Conversely, if you are accompanied by an exceptional group, even the most mundane excursions can become truly memorable ones. Kilimanjaro is far from mundane, however, and fortunately for me, I was able to share it with an incredible group of people, making the climb all that more enjoyable.
As mentioned previously, I traveled to Africa to climb Kilimanjaro as part of Tusker Trail’s inaugural Climb for Valor. This extraordinary trek was put together to raise funds for the Duskin & Stephen’s Foundation, a nonprofit dedicated to creating scholarships for the children of fallen U.S. special forces soldiers. Through the Climb for Valor, Tusker raised more than $100,000 to contribute to this fund, kicking off this first effort in grand style.
With such a highly focused theme to the climb, it should come as no surprise that Tusker could attract several participants from within the U.S. special forces family. Not only did we have two active-duty Green Berets join us on the trip, but the widows of three fallen soldiers as well.
I won’t mention any specific names for security purposes, but these men and women came to Kili with a purpose. They not only wanted to summit for a good cause, but they also had their own very personal reasons for wanting to climb the mountain as well.
Spending nine days trekking up Kilimanjaro with someone allows you to get to know one another very well.
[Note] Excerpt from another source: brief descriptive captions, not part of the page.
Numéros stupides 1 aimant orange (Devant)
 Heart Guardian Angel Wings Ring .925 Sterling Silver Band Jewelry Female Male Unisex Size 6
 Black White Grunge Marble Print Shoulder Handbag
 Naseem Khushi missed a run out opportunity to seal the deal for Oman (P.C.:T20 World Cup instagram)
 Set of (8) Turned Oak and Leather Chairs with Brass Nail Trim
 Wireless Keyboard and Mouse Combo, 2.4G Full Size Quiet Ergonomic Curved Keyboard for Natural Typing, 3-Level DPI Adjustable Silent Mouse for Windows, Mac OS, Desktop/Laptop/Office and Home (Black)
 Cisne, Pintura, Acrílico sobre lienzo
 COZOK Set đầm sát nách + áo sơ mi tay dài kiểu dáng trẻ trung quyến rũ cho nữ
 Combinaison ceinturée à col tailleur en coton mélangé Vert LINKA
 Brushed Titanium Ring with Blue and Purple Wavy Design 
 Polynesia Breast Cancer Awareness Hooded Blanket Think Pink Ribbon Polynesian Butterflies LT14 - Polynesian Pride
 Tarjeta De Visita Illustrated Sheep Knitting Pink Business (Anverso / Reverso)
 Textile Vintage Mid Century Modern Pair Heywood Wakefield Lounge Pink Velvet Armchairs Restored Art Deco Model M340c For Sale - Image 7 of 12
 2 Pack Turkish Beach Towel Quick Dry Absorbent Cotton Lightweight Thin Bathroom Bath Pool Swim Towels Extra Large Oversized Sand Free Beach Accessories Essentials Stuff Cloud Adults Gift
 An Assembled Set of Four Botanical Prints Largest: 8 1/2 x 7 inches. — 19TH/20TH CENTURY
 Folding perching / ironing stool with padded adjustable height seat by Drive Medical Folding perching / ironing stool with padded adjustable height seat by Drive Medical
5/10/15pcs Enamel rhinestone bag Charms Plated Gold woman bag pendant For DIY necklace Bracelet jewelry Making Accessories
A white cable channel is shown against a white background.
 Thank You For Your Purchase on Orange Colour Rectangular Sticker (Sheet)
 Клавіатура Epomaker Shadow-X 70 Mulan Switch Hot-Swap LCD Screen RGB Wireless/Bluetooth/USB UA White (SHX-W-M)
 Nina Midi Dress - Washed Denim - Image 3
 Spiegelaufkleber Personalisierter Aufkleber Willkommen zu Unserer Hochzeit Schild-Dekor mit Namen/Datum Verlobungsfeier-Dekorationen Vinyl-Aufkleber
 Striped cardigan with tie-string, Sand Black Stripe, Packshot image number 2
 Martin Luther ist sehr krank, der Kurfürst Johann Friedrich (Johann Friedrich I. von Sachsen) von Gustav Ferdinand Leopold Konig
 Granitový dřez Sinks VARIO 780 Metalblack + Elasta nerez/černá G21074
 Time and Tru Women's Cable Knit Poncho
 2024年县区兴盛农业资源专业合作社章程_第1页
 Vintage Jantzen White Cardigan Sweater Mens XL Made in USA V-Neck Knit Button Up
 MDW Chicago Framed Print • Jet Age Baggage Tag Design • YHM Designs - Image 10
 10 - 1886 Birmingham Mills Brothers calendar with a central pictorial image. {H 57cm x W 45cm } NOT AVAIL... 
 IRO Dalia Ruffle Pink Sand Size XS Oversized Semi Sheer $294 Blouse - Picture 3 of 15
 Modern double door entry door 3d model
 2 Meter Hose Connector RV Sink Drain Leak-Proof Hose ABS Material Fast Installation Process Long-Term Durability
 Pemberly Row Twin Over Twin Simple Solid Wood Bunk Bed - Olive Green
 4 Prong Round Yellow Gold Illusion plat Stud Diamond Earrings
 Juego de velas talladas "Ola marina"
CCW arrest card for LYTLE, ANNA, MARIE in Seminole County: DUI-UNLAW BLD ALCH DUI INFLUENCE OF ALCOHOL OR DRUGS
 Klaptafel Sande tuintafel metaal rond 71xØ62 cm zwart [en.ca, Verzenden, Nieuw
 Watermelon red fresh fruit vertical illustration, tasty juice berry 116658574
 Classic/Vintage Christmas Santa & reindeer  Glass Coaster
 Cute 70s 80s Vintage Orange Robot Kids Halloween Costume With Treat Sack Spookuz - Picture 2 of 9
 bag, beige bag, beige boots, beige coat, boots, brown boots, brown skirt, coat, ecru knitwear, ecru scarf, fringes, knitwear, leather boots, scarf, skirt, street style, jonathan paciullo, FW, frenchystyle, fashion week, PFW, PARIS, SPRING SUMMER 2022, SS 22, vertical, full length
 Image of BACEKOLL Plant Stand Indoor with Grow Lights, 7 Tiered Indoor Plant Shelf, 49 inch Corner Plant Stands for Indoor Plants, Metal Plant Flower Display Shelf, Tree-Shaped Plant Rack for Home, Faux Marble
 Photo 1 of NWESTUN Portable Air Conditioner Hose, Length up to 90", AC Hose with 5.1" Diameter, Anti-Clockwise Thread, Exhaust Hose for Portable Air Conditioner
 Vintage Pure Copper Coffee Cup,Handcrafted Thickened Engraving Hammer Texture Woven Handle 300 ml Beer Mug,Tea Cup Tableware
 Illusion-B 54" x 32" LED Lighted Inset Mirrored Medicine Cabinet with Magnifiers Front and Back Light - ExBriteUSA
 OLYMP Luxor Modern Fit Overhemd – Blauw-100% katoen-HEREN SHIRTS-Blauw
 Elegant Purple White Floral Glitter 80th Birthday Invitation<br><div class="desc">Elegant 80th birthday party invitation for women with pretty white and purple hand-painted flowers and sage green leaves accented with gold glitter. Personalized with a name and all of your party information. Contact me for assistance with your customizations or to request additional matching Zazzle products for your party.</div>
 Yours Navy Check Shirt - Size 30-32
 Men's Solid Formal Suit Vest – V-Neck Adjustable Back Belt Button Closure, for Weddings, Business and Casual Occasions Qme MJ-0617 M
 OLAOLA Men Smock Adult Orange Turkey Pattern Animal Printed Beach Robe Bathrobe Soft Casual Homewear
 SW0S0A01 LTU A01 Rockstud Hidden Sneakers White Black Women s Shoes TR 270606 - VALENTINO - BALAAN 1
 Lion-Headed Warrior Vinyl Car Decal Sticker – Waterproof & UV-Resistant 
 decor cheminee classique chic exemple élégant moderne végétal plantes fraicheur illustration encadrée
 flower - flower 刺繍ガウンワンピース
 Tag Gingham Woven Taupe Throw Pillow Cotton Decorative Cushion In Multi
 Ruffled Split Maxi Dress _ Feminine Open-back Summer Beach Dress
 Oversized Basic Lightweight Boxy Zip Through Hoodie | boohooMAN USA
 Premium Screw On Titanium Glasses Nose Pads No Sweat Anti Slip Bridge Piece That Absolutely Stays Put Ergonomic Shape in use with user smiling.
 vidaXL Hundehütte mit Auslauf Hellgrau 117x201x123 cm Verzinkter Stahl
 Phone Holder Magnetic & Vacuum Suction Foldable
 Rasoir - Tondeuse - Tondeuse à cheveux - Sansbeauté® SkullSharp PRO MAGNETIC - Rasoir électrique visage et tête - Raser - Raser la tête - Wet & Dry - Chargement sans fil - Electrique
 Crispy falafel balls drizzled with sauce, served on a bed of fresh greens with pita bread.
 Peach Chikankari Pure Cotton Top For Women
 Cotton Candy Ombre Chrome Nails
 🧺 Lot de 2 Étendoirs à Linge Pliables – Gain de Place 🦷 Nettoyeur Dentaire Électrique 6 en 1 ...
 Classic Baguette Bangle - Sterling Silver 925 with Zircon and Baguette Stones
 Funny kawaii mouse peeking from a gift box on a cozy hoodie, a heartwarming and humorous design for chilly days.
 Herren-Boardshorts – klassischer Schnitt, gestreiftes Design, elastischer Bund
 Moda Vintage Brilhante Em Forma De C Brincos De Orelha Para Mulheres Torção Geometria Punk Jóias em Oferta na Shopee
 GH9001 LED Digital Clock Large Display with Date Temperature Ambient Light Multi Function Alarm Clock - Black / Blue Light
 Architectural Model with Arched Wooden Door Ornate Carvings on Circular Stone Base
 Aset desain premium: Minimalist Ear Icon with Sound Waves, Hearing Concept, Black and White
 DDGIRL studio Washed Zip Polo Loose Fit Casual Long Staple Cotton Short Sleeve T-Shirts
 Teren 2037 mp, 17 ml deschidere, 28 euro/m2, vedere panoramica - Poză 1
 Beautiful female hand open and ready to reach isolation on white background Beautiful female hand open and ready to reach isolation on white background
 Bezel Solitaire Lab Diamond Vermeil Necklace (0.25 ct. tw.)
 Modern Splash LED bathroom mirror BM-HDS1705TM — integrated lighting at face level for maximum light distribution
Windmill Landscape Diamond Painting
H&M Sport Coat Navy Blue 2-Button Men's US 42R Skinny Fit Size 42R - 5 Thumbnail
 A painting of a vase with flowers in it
After all, you’re gathering in a cramped mess tent for your meals, you’re sharing primitive toilet facilities, and there is ample time to chat when you’re on the trail for hours on end. It is safe to say that our team bonded very quickly, and by the second day of the trip, we were already sharing inside jokes, memorable stories, and very personal information.
Before the trip, I already had a deep appreciation for the job that the U.S. special forces teams do, but in sharing time with these men and women, appreciation only grew stronger. Both of the soldiers on the trip had suffered wounds in combat in Afghanistan, and listening to their tales brought a personal edge to the story that just can’t be acquired simply by watching the nightly news. Their experiences in the field range from comical to harrowing, with just about every kind of emotion in-between.
As for the widows that joined us on the trek, it is impossible to overstate just how strong and courageous they are. They lost their husbands in a war that has lingered on far too long. While that is certainly the ultimate sacrifice, they continue to approach each day with renewed optimism, an indelible spirit, and a sense of purpose that is incredibly admirable. Were our fortunes reversed, I’m not sure I could be quite so forgiving and generous.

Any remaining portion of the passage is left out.